SchedCP and sched-agent were evaluated on two hardware platforms (86-core Xeon and 8-core Core Ultra) using kernel compilation, schbench, and diverse batch workloads. Key results include:

Kernel Compilation: Sched-agent achieved a 1.79x speedup over EEVDF after three optimization iterations, with initial selection (scx_rusty) providing 1.63x improvement. RL-based baselines showed no improvement due to lack of generalization.
Schbench: Iterative agentic optimization improved P99 latency by 2.11x and throughput by 1.60x compared to EEVDF, demonstrating effective learning from performance feedback.
Batch Workloads: For eight heterogeneous tasks, the agent synthesized a Longest Job First (LJF) scheduler, reducing end-to-end processing time by 20% on average. Generation cost per workload dropped from $6 to$0.15, and time from 33 to 2.5 minutes (13x reduction).

Notably, the framework maintained high system stability, with all agent-generated schedulers passing multi-stage verification and canary deployment. The cost and efficiency improvements are substantial, making custom scheduler synthesis viable for short-lived workloads.

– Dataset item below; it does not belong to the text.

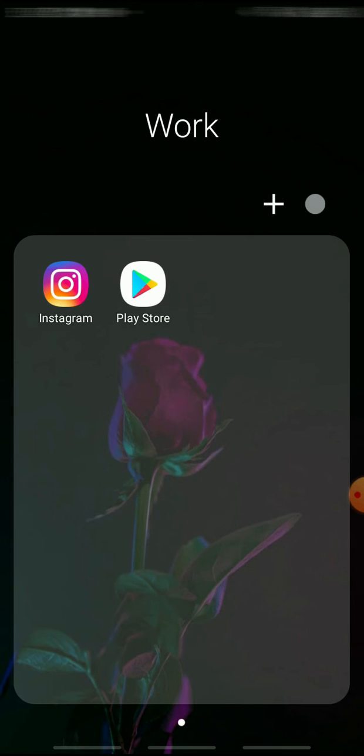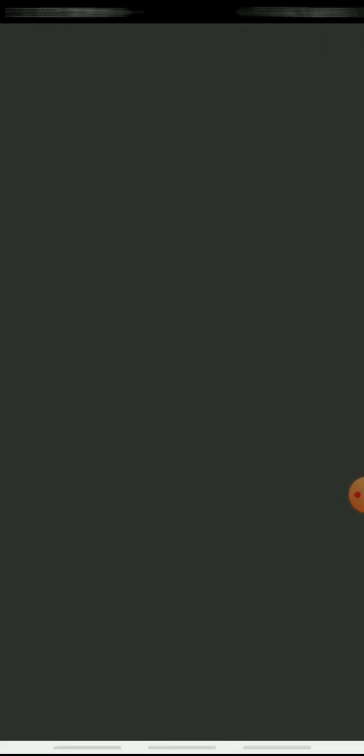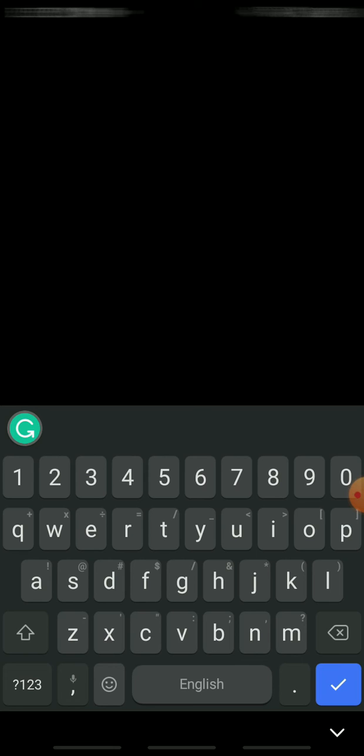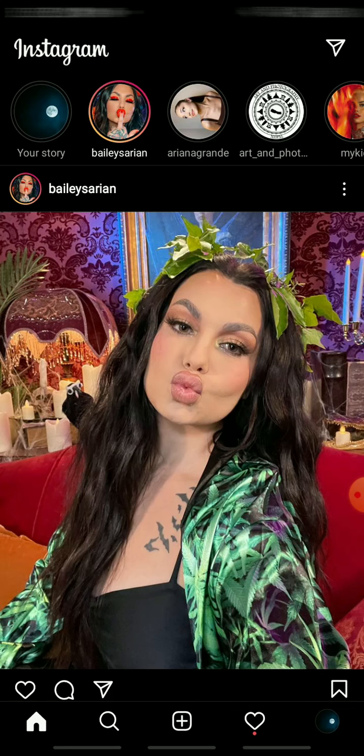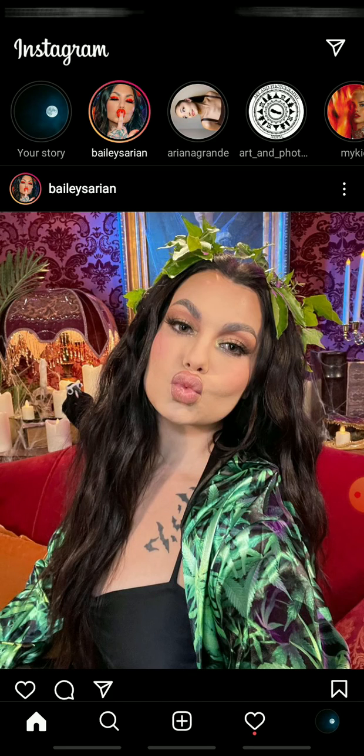So let's get on with it. At first, open Instagram on the other phone. Here, enter your username, email address, or phone number and enter your account password. When done, tap login, and that's how you log into Instagram on another phone.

Implementation and Deployment Considerations

SchedCP's decoupled architecture ensures compatibility with future AI agents and kernel evolutions. The use of eBPF and sched_ext enables dynamic scheduler loading with zero LLM inference overhead in the scheduling hot path. The multi-stage verification pipeline is critical for safe deployment, addressing both general and domain-specific correctness properties.

Integration with container orchestrators (Kubernetes, Docker) allows automatic triggering of optimization cycles for new applications, supporting both cloud and edge scenarios. The composable tool architecture aligns with the Unix philosophy, enabling agents to construct novel workflows and solutions.

Resource requirements are moderate, with the framework tested on both high-end and commodity hardware. The use of adaptive context provisioning and semantic search minimizes token and API costs, supporting scalable deployment.

Implications and Future Directions

SchedCP demonstrates that autonomous LLM agents can safely and efficiently optimize kernel schedulers, bridging the semantic gap between application needs and system policies. The framework democratizes expert-level system optimization, making it accessible for both cloud and personal device users.

Future work includes extending the framework to other OS components (cache policies, DVFS, network configuration, sysctl), enabling cross-component optimization and unified control. Expressing inter-component dependencies and supporting adaptive, application-aware operating systems are promising directions. The approach also suggests new abstractions for safe, agentic systems integration in critical infrastructure.

Conclusion

SchedCP establishes a robust foundation for agentic OS optimization, enabling autonomous LLM agents to synthesize, validate, and deploy custom Linux schedulers via a decoupled control plane. The framework achieves significant performance and cost improvements while ensuring system stability, marking a substantive advance towards self-optimizing, application-aware operating systems. The open-source release facilitates further research and practical adoption in diverse computing environments.